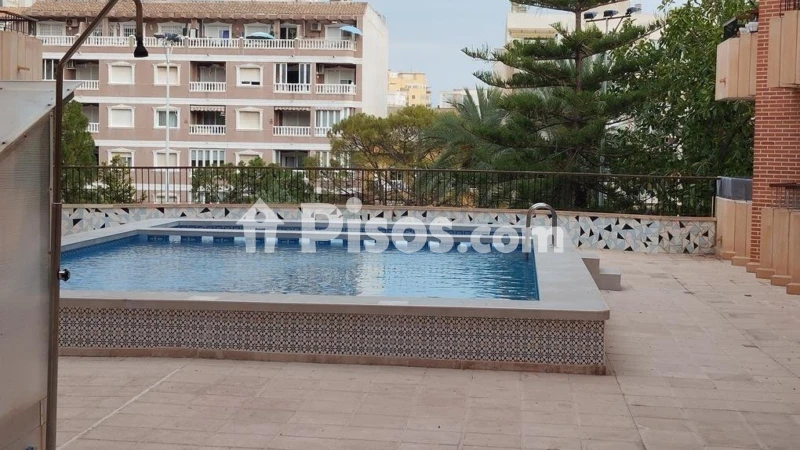 Piso – Torrevieja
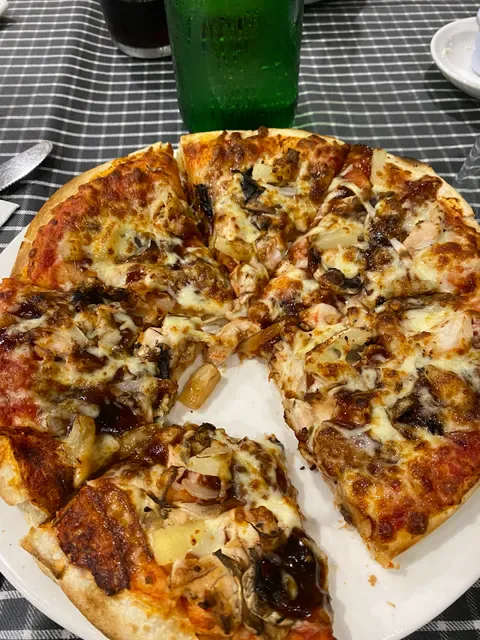 Nunzios Italian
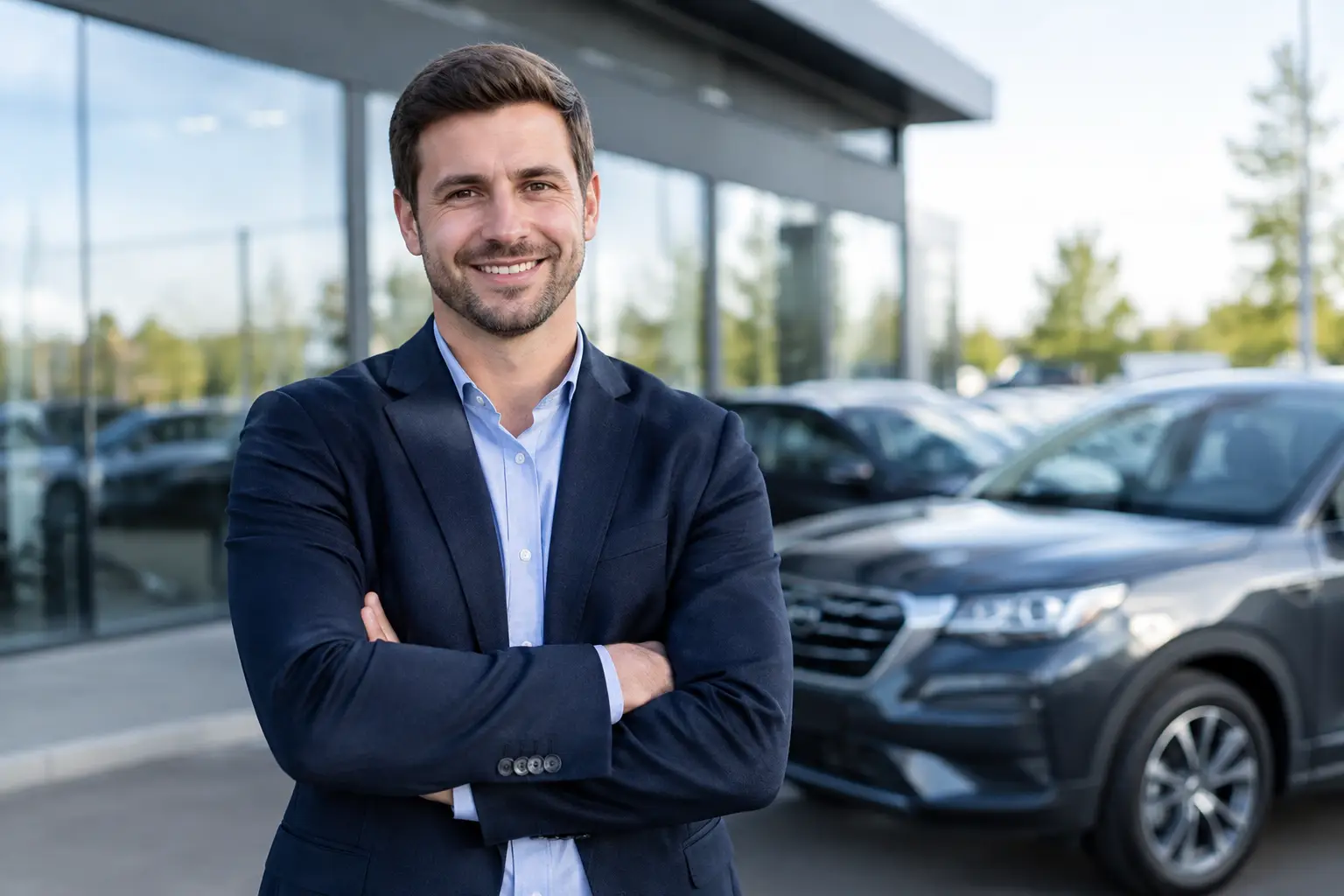 Un témoignage de franchisé automobile sans filtre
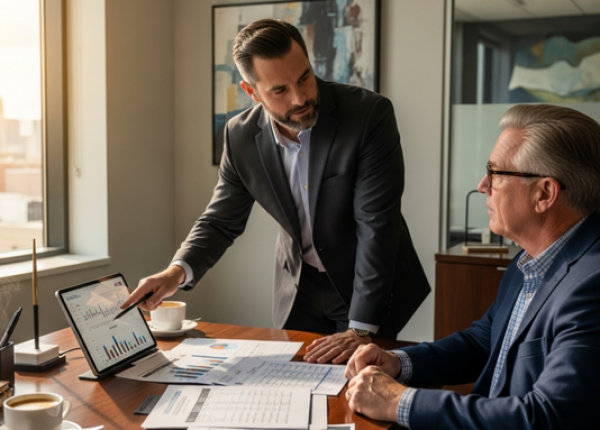 Post-Sale Wealth -04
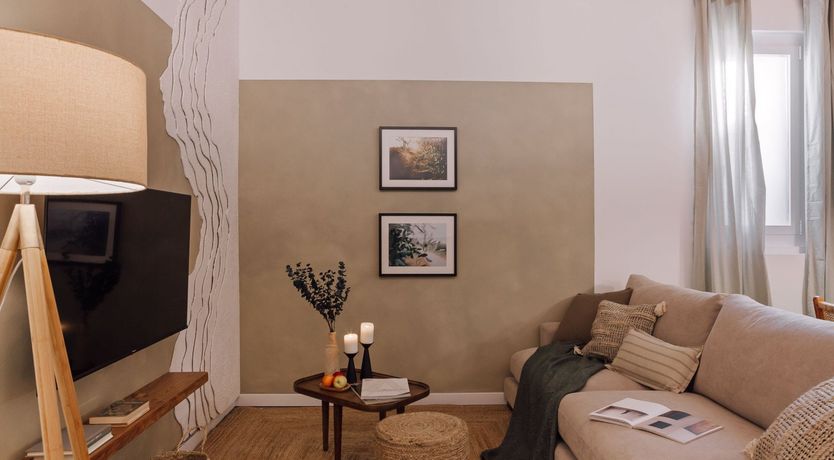 Photo of Sun On The Terrasse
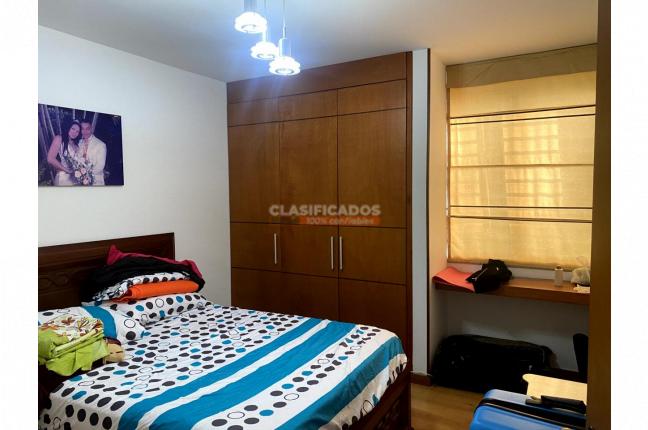 Apartamentos, Venta, Ciudad Jardín - $600.000.000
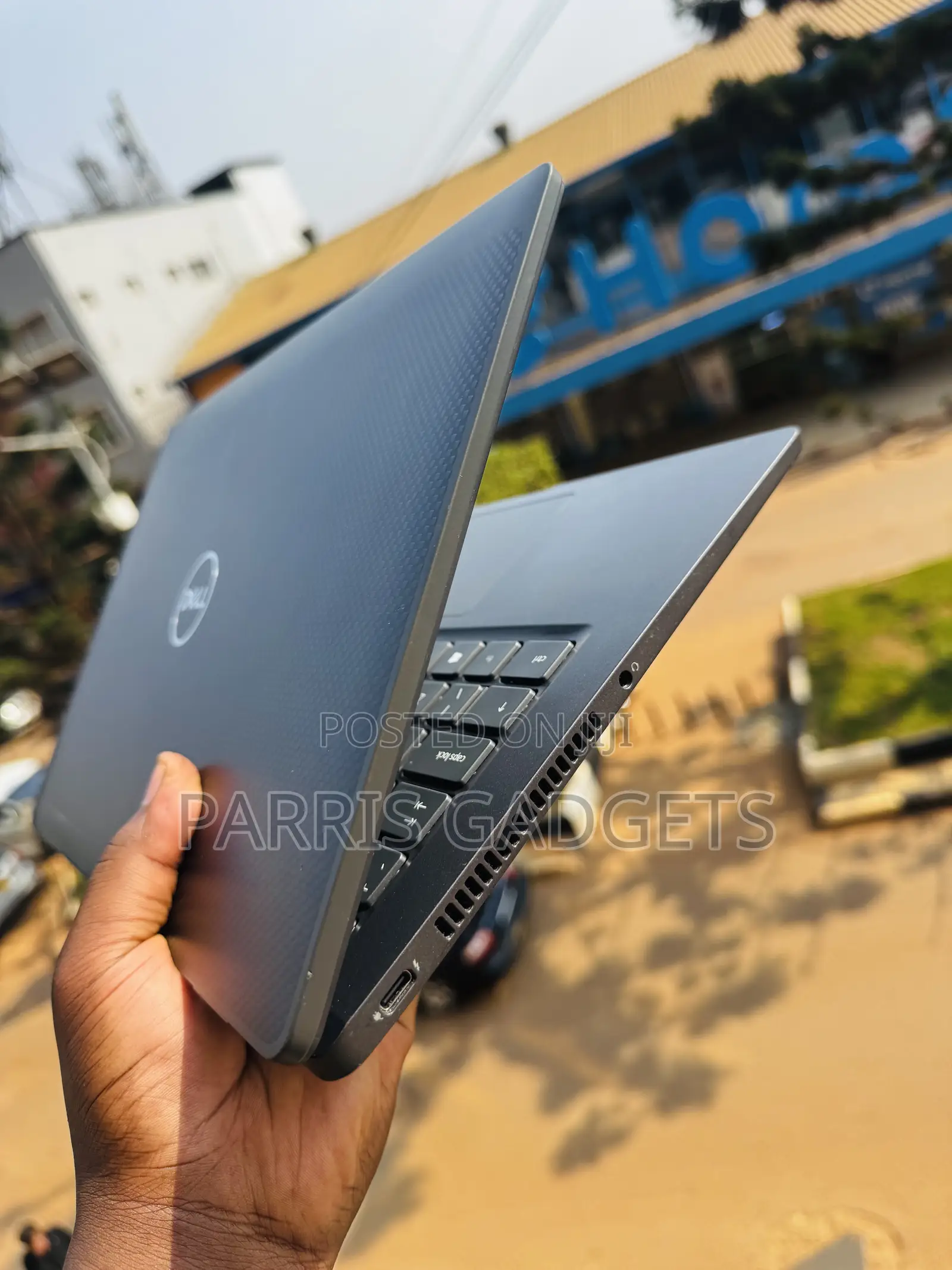 Laptop Dell Latitude 7420 16GB Intel Core i7 SSD 512GB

┄┄┄┄┄┄

### WHAT THE EXERCISE ASKS
From the data above, write out everything exactly except the pictures.

### REPLY TO THE EXERCISE
 Piso – Torrevieja
 Nunzios Italian
 Un témoignage de franchisé automobile sans filtre
 Post-Sale Wealth -04
 Photo of Sun On The Terrasse
 Apartamentos, Venta, Ciudad Jardín - $600.000.000
 Laptop Dell Latitude 7420 16GB Intel Core i7 SSD 512GB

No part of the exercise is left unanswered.